Doğaçlamaya ve rastlantının zoruna hep inanmışımdır. Hiç, biçim, sıra, izan gözetmeden hemen ekliyorum; ilk atölye ödevimiz:

""
narincir yazdı:
bir tek sözcük üzerine yazmak. sevdiğim bir alıştırmadır benim. diyelim ilk sözcük kibrit birisi kibritten çağrışımla bir doğaçlama yapar ve sonunda yeni bir sözcük verir ödev. yazan bir sonraki sözcüğü belirleme hakkına sahip olur. her sözcük bir kere bir kişi tarafından yazılır. Ya da benzer bir şekilde bir sözcük sürekli açık kalabilir, isteyen herkes o başlığa yazabilir, gibi..

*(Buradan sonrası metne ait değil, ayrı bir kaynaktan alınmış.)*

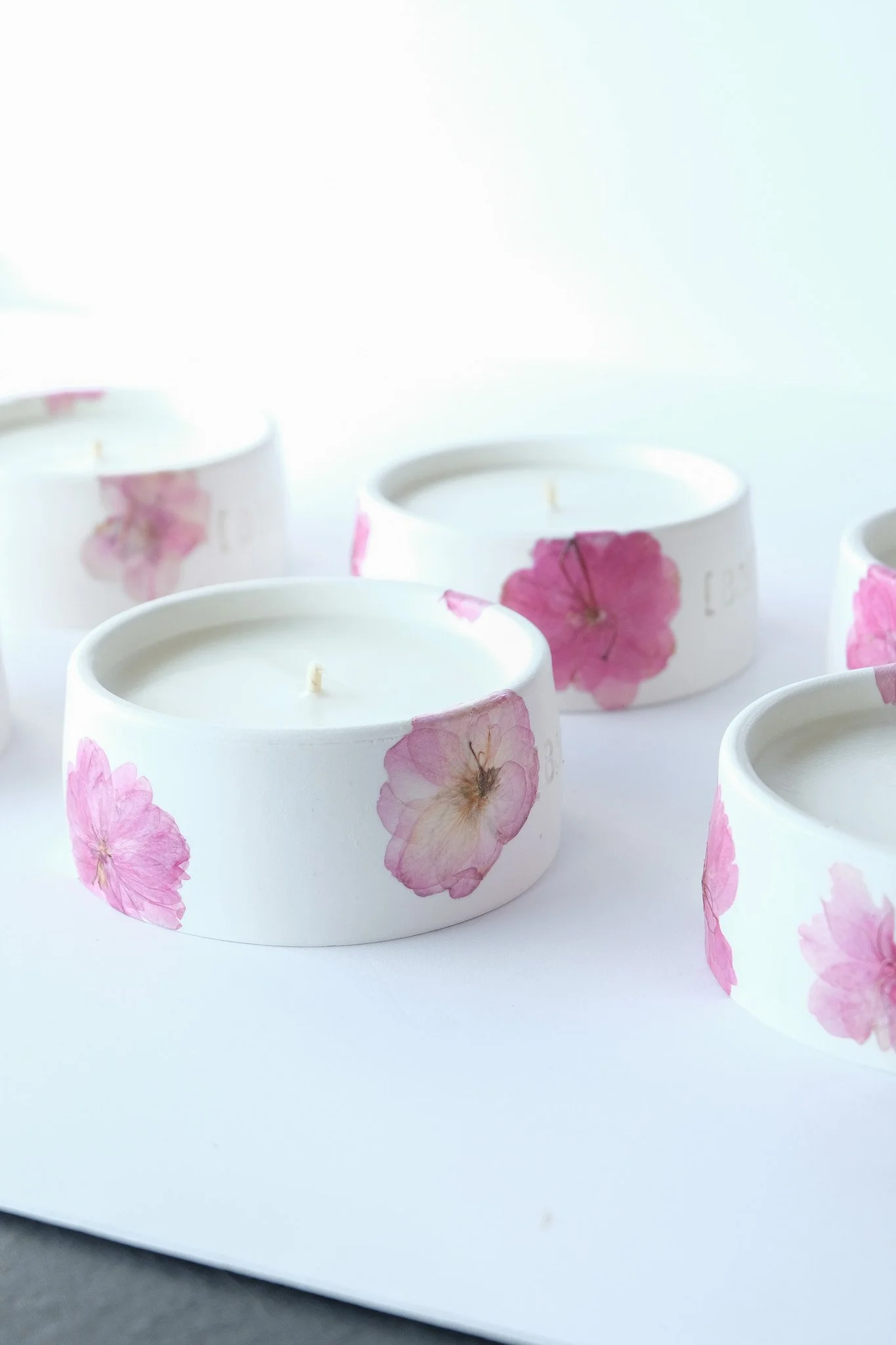 Bougie fleurs de cerisier Bål — création unique fleurs séchées françaises fait main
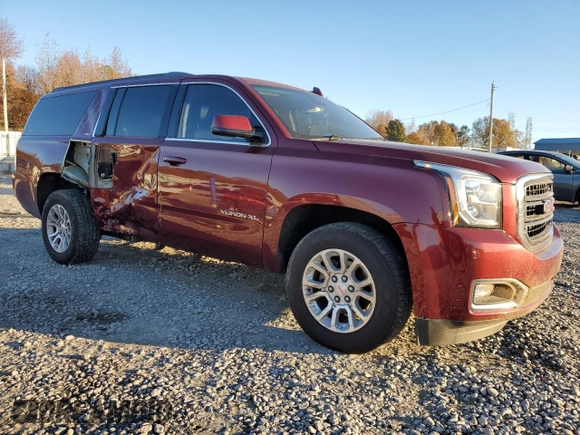 2017 GMC Yukon XL SLT z VIN 1GKS1GKC6HR304645, wystawiony jako Copart lot #83831654 z przebiegiem 137 035 mil mil oraz Szkoda całkowita • Salvage title. Historia ofert i sprzedaży dostępna na DreamBid. Obrazek 4.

Dileyen önden buyursun. Hoşgeldin Ramazan!

Kategori:

Re: "Sözcük"ten "Öykü"ye...

meleklerle ilgili ifadeler sihirli dizileri hatırlatsa da başa yerleştirilen kameranın öyküsünü anlatmak için gerekli gibi görülüyor. ya da başka bir kılıf bulunabilirdi belki. kamerayla kaydedilenler arttıkça zihinde oluşan yorgunluk ve kirlilik kısımlarını beğendim. sonda lütuf olarak bilinçaltını verirken tam olarak neyi kastettiniz? bilinçaltımızın da bir tür kamera oluşunu mu yoksa daha başka bir yönünü mü?


Re: "Sözcük"ten "Öykü"ye...

nermin korkmaz dedi ki:
meleklerle ilgili ifadeler sihirli dizileri hatırlatsa da başa yerleştirilen kameranın öyküsünü anlatmak için gerekli gibi görülüyor.

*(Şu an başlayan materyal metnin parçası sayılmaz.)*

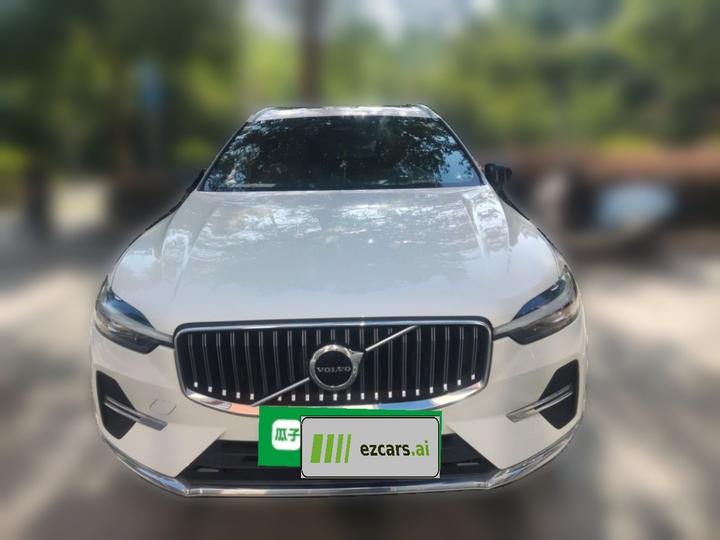 XC60 2023 B5 AWD Luxury photo 2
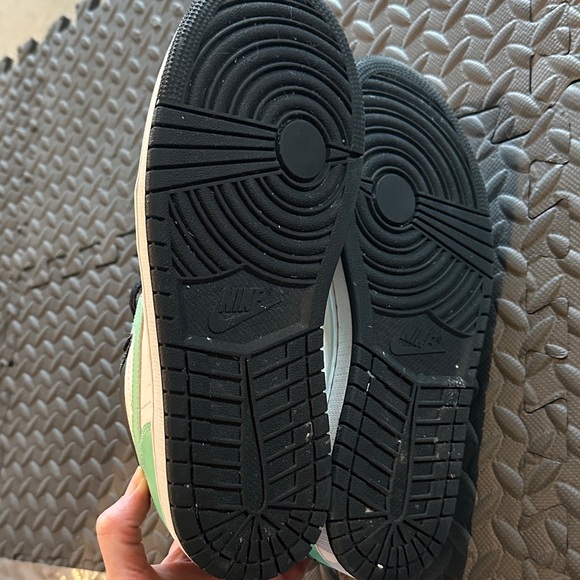 Nike Low Top Sneakers in Black, White & Mint Green - Picture 3 of 4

Üstelik meleklere inanmam. Kafamda kurgunun böyle gelişmesi, masalları çok sevmemden kaynaklı sanıyorum. Laughing out loud
nermin korkmaz dedi ki:
sonda lütuf olarak bilinçaltını verirken tam olarak neyi kastettiniz? bilinçaltımızın da bir tür kamera oluşunu mu yoksa daha başka bir yönünü mü?

Sanırım şöyle yanıtlamak en doğrusu: Gördüğümüz, duyduğumuz her şeyi zihnimiz kaydediyor, ancak bilinçaltımıza gizliyor. Bu gizleme işleminin, bizi, öyküdeki Zeynep'in yaşadığı lanetten kurtardığını düşünüyorum.


Re: "Sözcük"ten "Öykü"ye...

Sevgili Çağan, öykünüzü keyifle okudum. Elif'in de sevdiğini belirttiği

""
Sadece yerle gök arası ulaşım hızlı olsun diye kullanılıyordu asansör. Çünkü kendi tüyden hafif varlıkları, salına salına yaklaşık bir yılda katedebiliyordu bu mesafeyi.
cümleler öykü içinde nasıl bir naifliğin bizi beklediğinin habercisi gibiydi. Bu öyküden güzel bir film bile çekili doğrusu. Ellerine sağlık.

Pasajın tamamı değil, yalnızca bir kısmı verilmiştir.